Two public inquiries and a series of protests against the proposed route helped to push back the start of building work until 2001, 10 years after Midland Expressway Ltd (MEL) was appointed to run the project.
Campaigners have raised financial, environmental and practical objections to the route, which was known as the Birmingham Northern Relief Road (BNNR) until it was renamed as the M6 Toll in 2001.
 | A timeline of the M6 Toll 1980 - Government proposes a new Midlands motorway 1986 - Preferred route announced 1988 - First public inquiry 1991 - MEL announced as the bid winner to build the road 1994-5 - Second public inquiry 1999 - Alliance Against the BNNR's challenge defeated 2001 - Main construction work begins 2003 - M6 Toll opens |
The first public inquiry into the scheme was held in 1988 and was followed by another which lasted more than a year, from June 1994 to October 1995. An informal coalition opposing the project, initially set up by West Midlands Friends of the Earth, evolved into the Alliance Against the BNRR.
It brought together more than 30 organisations, including environmental groups, and residents who lived in villages and communities along the length of the route.

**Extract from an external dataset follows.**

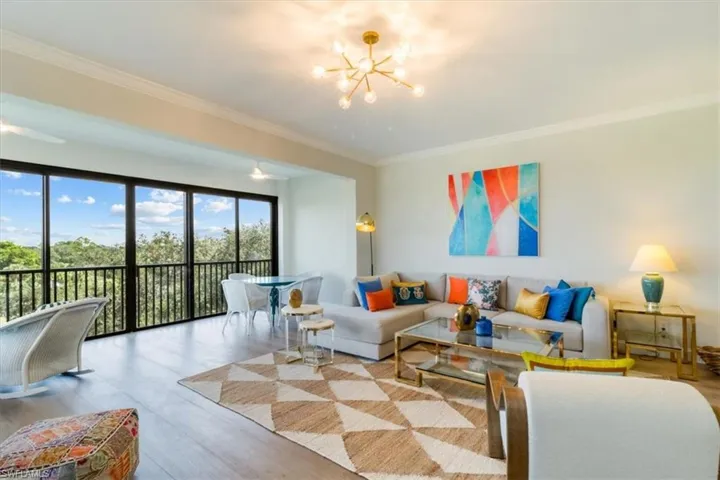7040  Pelican Bay  BLVD, Naples, FL 34108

Groups opposed to the BNRR had hoped Labour's defeat of the Conservatives in 1997 would signal the end of the controversial project.
But the courts upheld the new government's decision to build the road, in what protestors claimed was a revision of its position before the election.
A number of protest camps were set up along the route between November 1997 and January 1999, when the last one was cleared.
Many of the objections to the project were on environmental grounds.
 The road is the UK's only toll motorway |
The road runs through four Sites of Special Scientific Interest (SSSI) and protestors say the work to build it has severely damaged one of them, Chasewater Heath. MEL said it spent several months examining the impact of the project on all kinds of wildlife.
The firm had to apply for compulsory purchase orders for properties along some of the route, although it said only 40 buildings needed to be demolished and about six businesses closed during the road's construction.
The company also brought in specialists to carry out archaeological digs at several points along the 27-mile route between 2000 and spring 2001, when construction work was finally able to begin.
MEL claims the M6 Toll will save motorists approximately 45 minutes on an average journey time by avoiding the heavily-congested section of the M6 north of Birmingham.